A CURTAIL'D MEMOIR OF INCIDENTS AND OCCURRENCES IN THE LIFE OF JOHN SURMAN CARDEN, VICE ADMIRAL IN THE BRITISH NAVY. WRITTEN BY HIMSELF, 1850, NOW FIRST PRINTED AND EDITED.

Atkinson, C. T.


£200.00




Oxford, at the Clarendon Press, 1st.ed., 1912. Xxvi + 319 pp., guarded photogravure port. frontis., + 1 other port. & a battle-plan. Brown buckram ; gilt ; edges uncut. 23 x 15cm. V.G. It is customary for a naval officer who has led a brilliant career to write his memoirs in his twilight years, but less so for an officer whose career was "curtail'd", chiefly due to the loss of his ship in battle. Not that the loss was anything to be ashamed of. John Carden was up against a superior force and fought with great gallantry before having to lower his flag. The Cardens had originated in Cheshire but had moved to Kent and John Surman Carden's branch had settled in Ireland in the middle of the 17th century.

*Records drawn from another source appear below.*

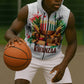Kwanzaa Pan African Sleeveless Zip Hoodie - Mishumaa Saba - Black History - Watercolor Art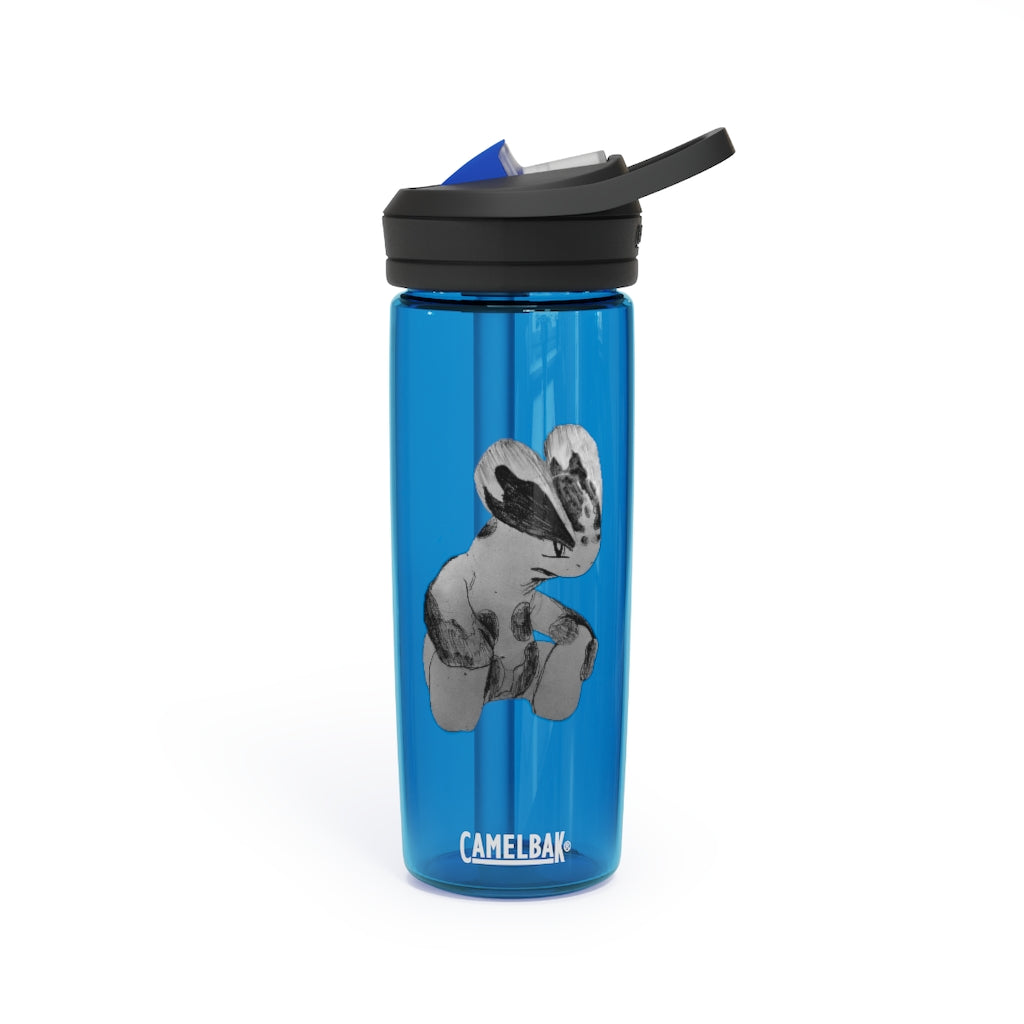 Shamrock CamelBak Eddy® Water Bottle in 20oz and 25oz sizes, showcasing its robust design and spill-proof valve.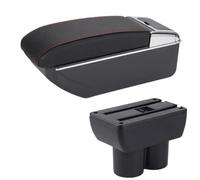 Repose-bras De Voiture Pour Suzuki Pour Jimny JB23 JB43 1999-2017 Pièces De Rechange Pour Accoudoir Boîte Rangement Accessoire Accoudoir Automobile(D Black red No USB)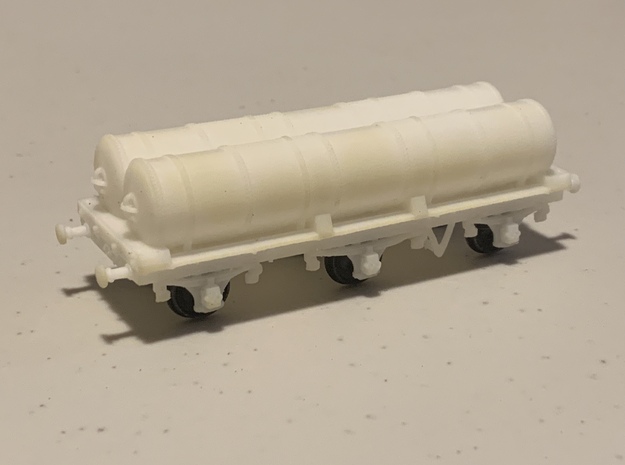 OO scale LBSCR 6W Gas Tank Wagon Ver. 1 in White Natural Versatile Plastic: 1:76 - OO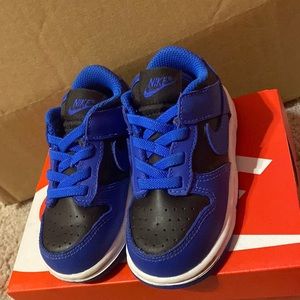 Nike Dunk Low Hyper Cobalt .. worn a few times size 7c toddlers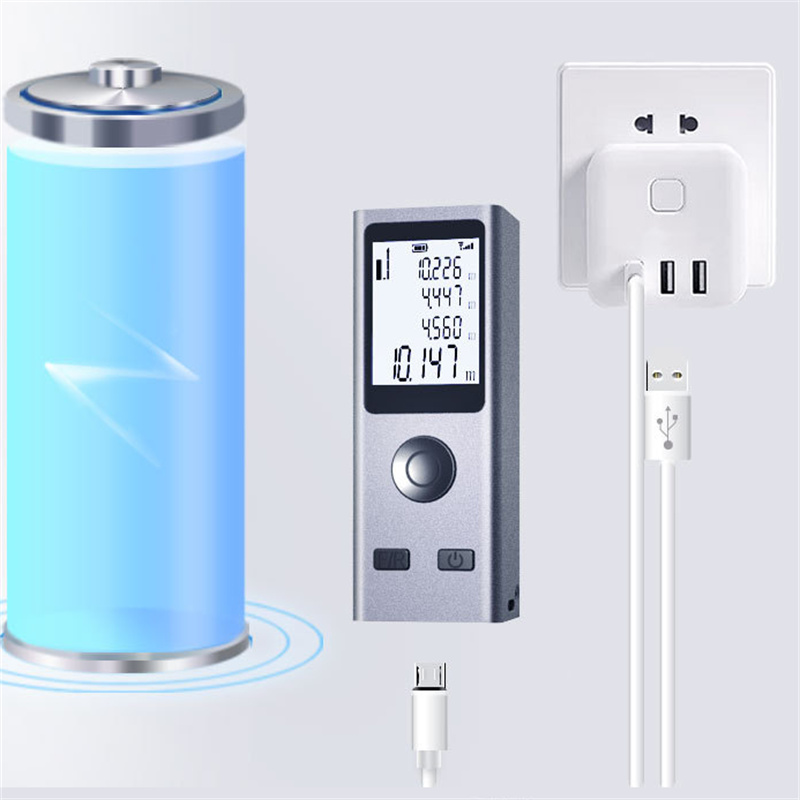 Slimme laserafstandsmeter, int - Industrial Laser Tape Measure recensie en prijs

Carden entered the Royal Navy at the age of 17 and after an inactive start in the Portsmouth guardship, spent the next five years on the East Indies station where he saw action against Malay pirates and had an early encounter with the French on the outbreak of the long Revolutionary War. Returning to England in late 1793, he joined the Channel fleet under Lord Howe and fought in the Glorious First of June (1794). His career was varied and active but he just missed Trafalgar although he carried home Collingwood's dispatches. Carden was in the VILLE DE PARIS at Corunna when Sir John Moore's army was in retreat, and he was in command of the MARS 74, in the Baltic under Sir James Saumarez. After further active service, Carden found himself in command of the frigate MACEDONIAN during the Naval War of 1812. She fought a bitter engagement with the much larger UNITED STATES and his frigate was reduced to "an unmanageable log on the ocean", all her masts gone, half her guns out of action, and over 100 of her 259 men killed or wounded. This, together with a quarrel with the powerful Secretary to the Admiralty, Mr. Croker, left his career 'on the shelf' after 1812. These and other remarkable incidents in the life and service of Vice-Admiral Carden (he in fact rose to become Admiral in 1855 : three years before his death) are fully and candidly described in this book. SCARCE.